The power went out because there was a thunderstorm raging outside. It was quite toasty in the house with no electrically-powered a/c to cool things down, and there was no sleeping with great crashes of thunder and flashes of lightning without all of our fannage to muffle the noise. Sleep eludes one in a hot and uncomfortably noisy atmosphere, I have found.
Justin and I both were awake, waiting for a child or three to show up needing comfort. Instead we got the dog (already not my favorite member of the household – see yesterday’s post). She went to Justin’s side of the bed first, and I heard him take her jangly collar off. Then she came around to my side and I could feel her chin on the covers as she stared at me intently. I pretended not to notice, but the motion of her wagging tail was coming through her body into her jaw resting on the bed and making the mattress sway slightly. Hard to ignore.
I got the extra blanket off the foot of the bed and spread it out on the floor for her. She promptly circled and got into the doggy equivalent of the comfy position, all curled up with her nose on her hind legs.

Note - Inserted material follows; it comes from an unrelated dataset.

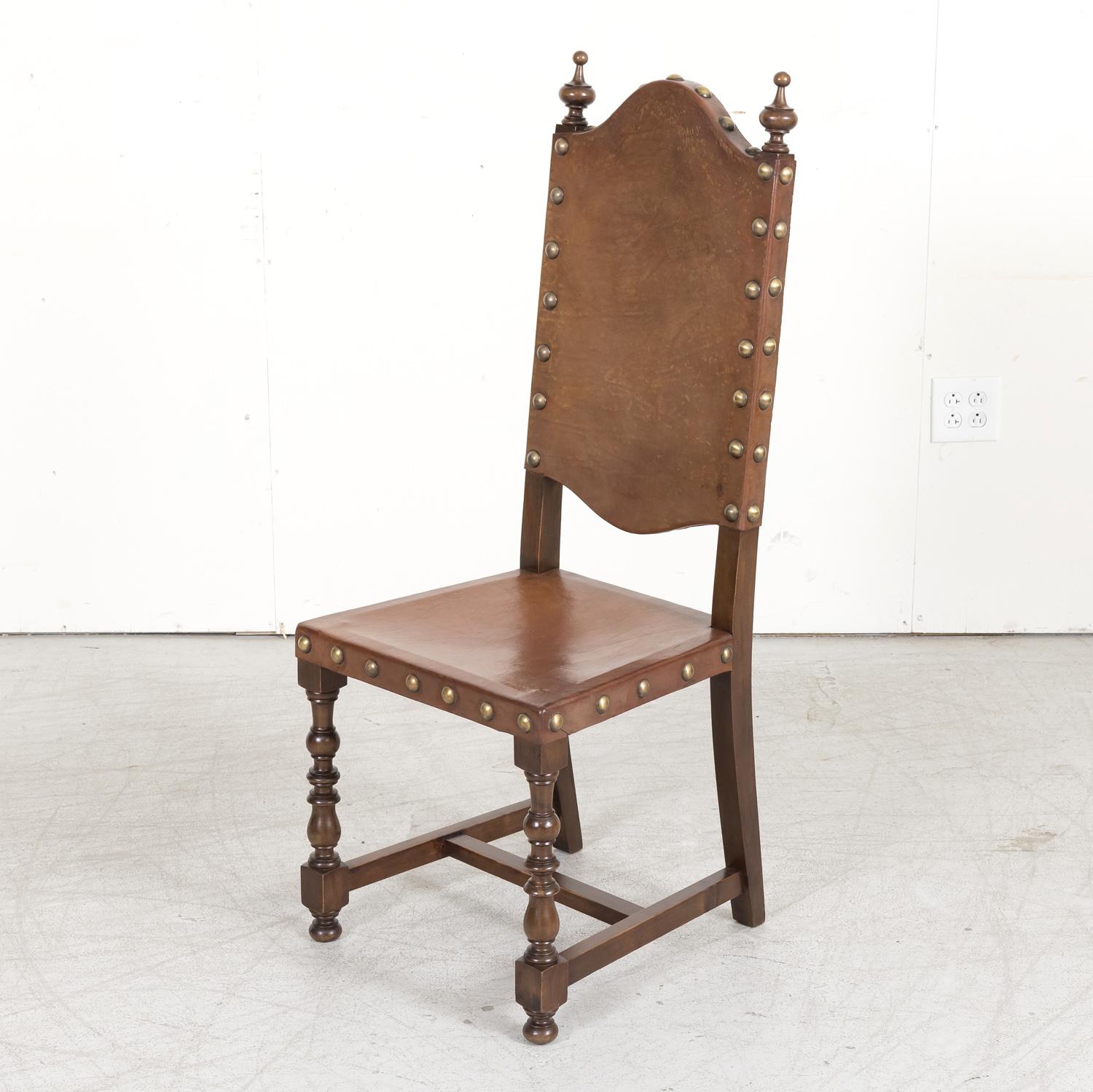 Satz von 4 Beistellstühlen aus Leder und Nussbaumholz im spanischen Barockstil des 19. Jahrhunderts im Angebot 4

Jack, who is normally our go-to worrier, never even showed up. We all compared notes in the morning while getting ready for school and all the kids woke up when the power went out, but managed to go back to sleep by themselves. Jack had been up with us until close to 11:00 p.m., stressed out because at the lunch table earlier that day, the girls in his class said that ghosts were real and if you didn’t believe in them, they would come and find you and haunt you until they did. Powerful incentive in Jack’s mind. Justin asked him if he was going to believe a bunch of second grade girls or his parents, and I think he was a little bit on the fence, but ultimately he came around to the parental viewpoint. Still, we had to watch Charles Barkley on the David Letterman Show to distract him from ghostly thoughts. Sir Charles did the trick, and Jack trooped back upstairs to bed. Not even a thunderstorm could bother him.